Adrien Treuille: Yeah, my, uh, very brilliant friend. [00:25:00] Lucas BWA said, Hey, Adrian. You know, it would be really fun if we went off into the woods and coded neural nets together. And, uh, so we went off into the woods and we rented an Airbnb cabin and we took our laptops and we started coding on neural nets together, which, uh, was really fun.

And, um, and out of that cabin, uh, in the woods, Came two of the biggest, most, you know, most recently biggest companies in the machine learning infrastructure space. One of them is Lucas's company weights and biases, which does experiment management among many other things. And of course, uh, Our company is stream lit.
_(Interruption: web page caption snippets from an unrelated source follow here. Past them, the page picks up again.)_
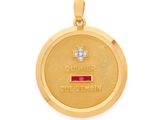 Gros plan sur un pendentif en or orné d'une croix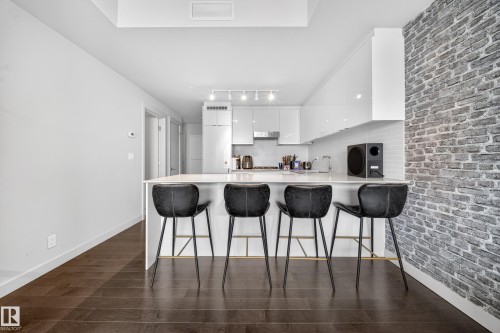 Kitchen island with a white countertop and seating, dark wood-finish flooring, white flat-panel cabinetry, stainless steel range hood, and a textured brick-pattern wall - #4007 10360 102 St Nw, Edmonton, AB 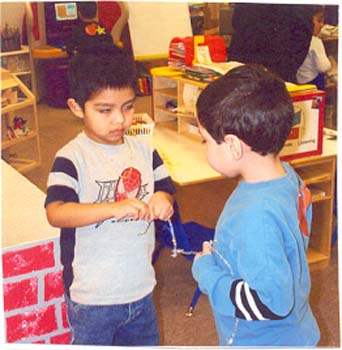 Figure 12b. Jose and Justin pulled on pipe cleaners.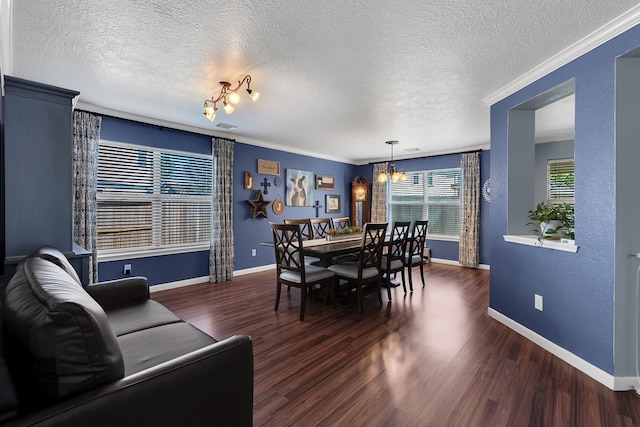 dining space with a notable chandelier, crown molding, baseboards, and wood finished floors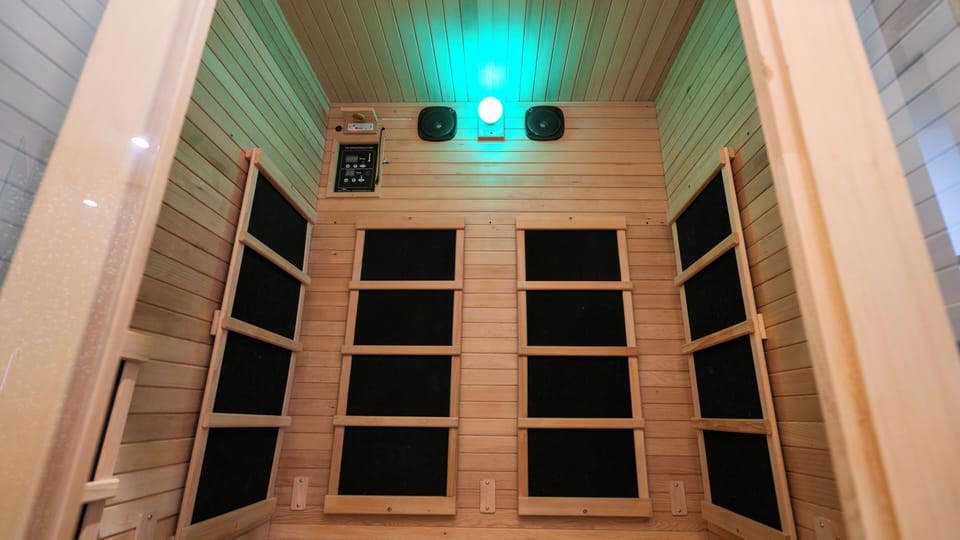 Private infrared sauna with warm wood finishes and spa-like ambiance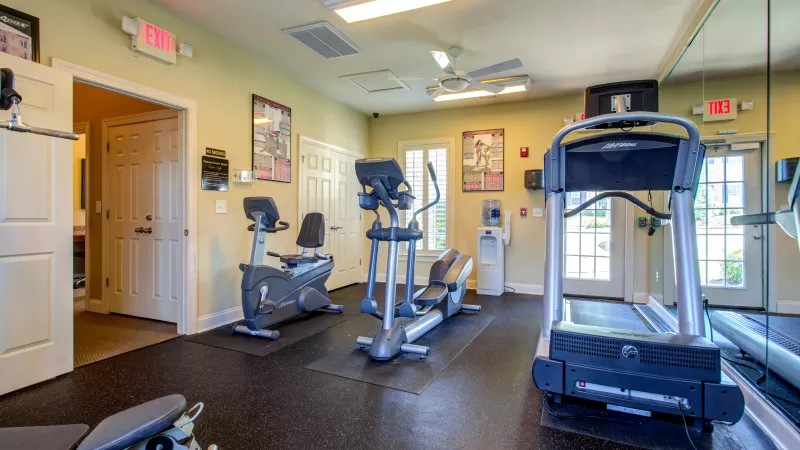 Fully equipped fitness center with cardio machines, stationary bikes, and strength training equipment at Lauren Ridge Apartment Homes.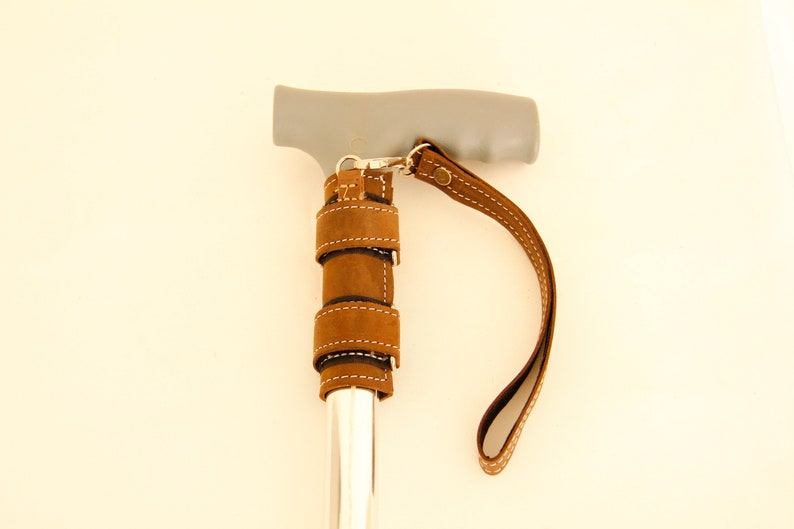 May include: A brown leather cane strap with a silver clasp and a gray handle. The strap is wrapped around the cane and has a loop for carrying the cane. Walking stick. Walking Stick Wrist Strap. Walking Cane. Cane Wrist Strap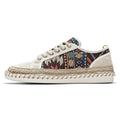 Men's beige and black cloth casual shoes with round toe, shown from the side.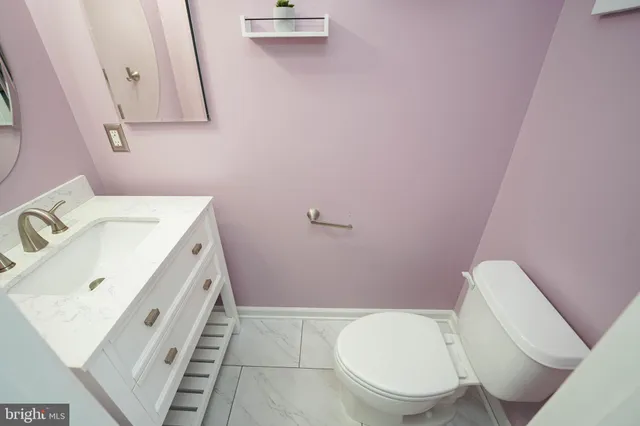 a bathroom with a sink a toilet and a mirror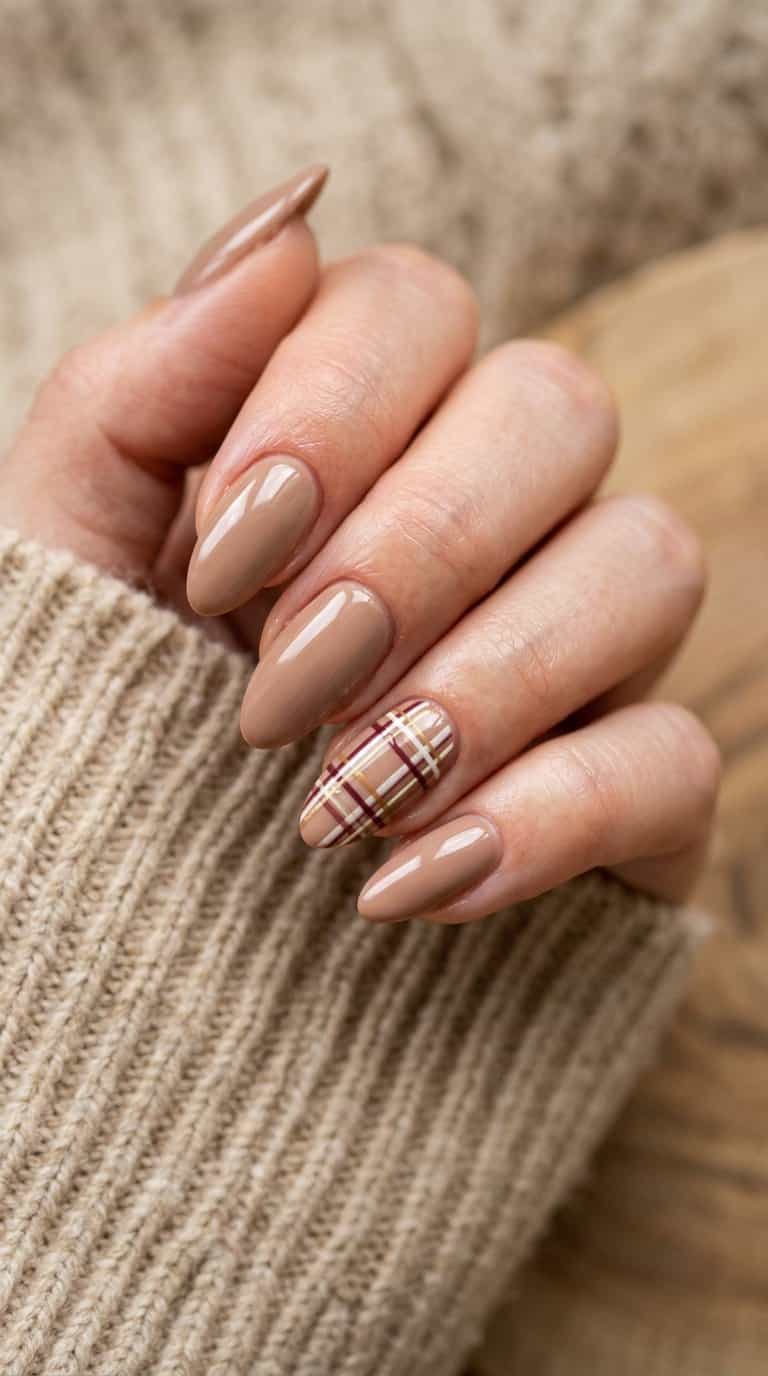 A hand with almond-shaped nails featuring warm autumn colors and plaid accent designs.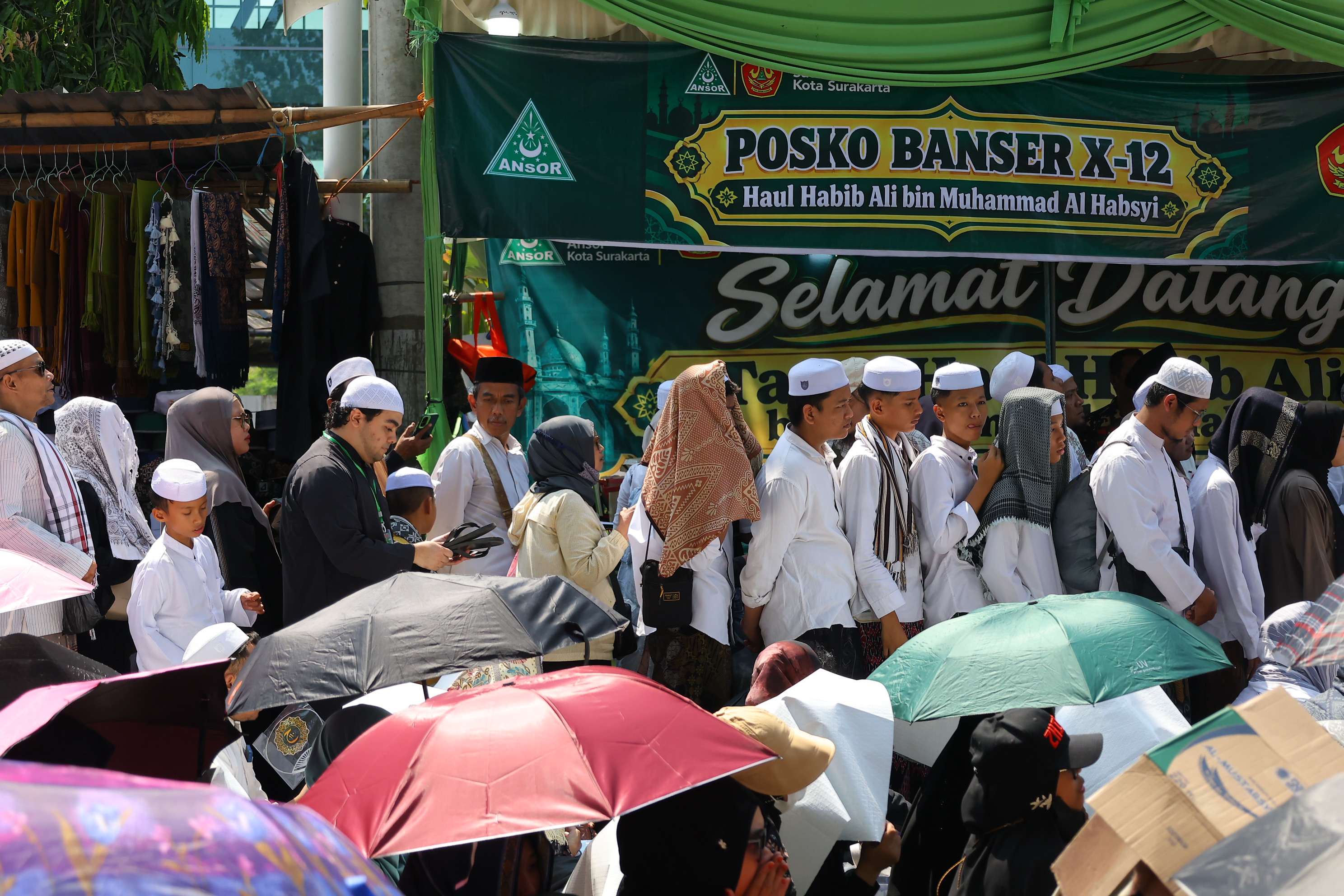 Peziarah melintas saat menghadiri haul atau peringatan wafatnya Habib Ali bin Muhammad Al Habsyi di Pasar Kliwon, Solo, Sabtu (3/10/2026). Meskipun cuaca panas perayaan Haul ulama Habib Ali tersebut dihadiri ribuan orang yang datang dari berbagai kota di Indonesia.(Daerah/J Howi Widodo).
Uh, and so it's been absolutely, uh, an honor and breathtaking and strange and wonderful and fun to have you and your best friend start company at the same time. And to see them both in parallel, grow so impactful in the world.[00:26:00]

Steve Hamm: well, that's a fantastic story. Thank you so much for that. You know, I think this has been, this has been a great conversation. I mean, I think you've told some good stories. You've told some very practical information for people. And I think for me, and maybe some of the, the more business oriented people, your, your primer on data science and data engineering and Python and, and machine learning, I think that's really valuable.

I mean, I almost feel like we should bust it out and publish it because, you know, I, I read a lot and I read a lot that seems very Mudd. In the press and I think clarity would help everybody. It would help. It would help business users of technology. It would certainly help investors to understand the value of companies and, and what's really going on in the, in the marketplace.

So I wanna thank you so much for this conversation that I, I think it's really valuable.

Adrien Treuille: Thank you so much, Steve. This is, uh, Reese is a real pleasure.